Petit instant pathétique maintenant ou comment légitimer le blocage ? Alors là, les quelques étudiants montrent un dévouement extrême : ils pensent aux boursiers qui sont obligés d’aller en cours pour conserver leur bourse. Alors sans blocage, pas de manifestation pour ces étudiants là. Mauvaise foi là encore : bloqueurs, vous bloquez avant tout pour vous-mêmes… Même si aller en cours ça vous fait chier, rater les cours ça vous fait chier autant. En fait tout vous faut chier finalement, à part garder des bâtiments comme des chiens de faïence ou arpenter le pavé pour vous réchauffer en criant : pas besoin de réfléchir pour tout ça, seulement de suivre, et ça a l'air de vous convenir.

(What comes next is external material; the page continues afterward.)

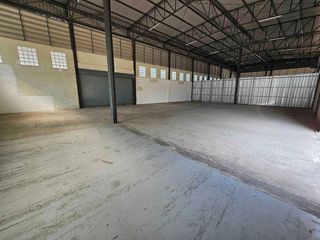 For rent warehouse in Bang Bua Thong, Nonthaburi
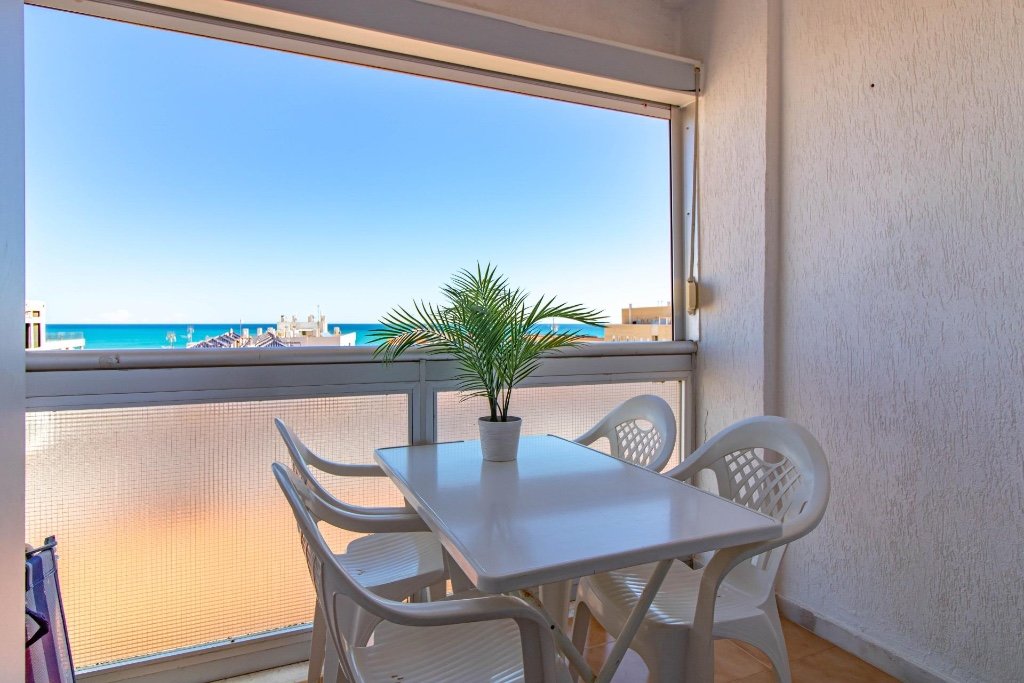 Apartamento en La Mata, Alicante, España 1 dormitorio, 45 m2 No. 183583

Il y a la peur aussi qui vous tenaille, la peur du changement. Je l’ai aussi, mais il va falloir l’affronter. L’immobilisme tuera l’université française. Il tuera la France. Regardez-vous à l’échelle du monde : voyez tous ces chinois qui travaillent plus que nous, dont la croissance est bien meilleure, regardez l’Allemagne où les entreprises commencent à financer les universités. Il n’y a pas que la France sur terre, et pas que le passé. La contestation n’est pas dynamique. Elle est passéiste et figée. Les gouvernements essayent de régler le problème étudiant. A force de refuser ces tentatives, un jour, ces mêmes gouvernements ne s’intéresseront plus à nous, ni même aux universités. C’est là que tout sera perdu.

Alors s’il faut manifester, manifestons. Manifestons contre les manifestations. Manifestons contre les bloqueurs. Faisons entendre une voix qui est majoritaire mais qui se terre encore en espérant se protéger ainsi de la bêtise de quelques uns qui préfèrent le devant de la scène.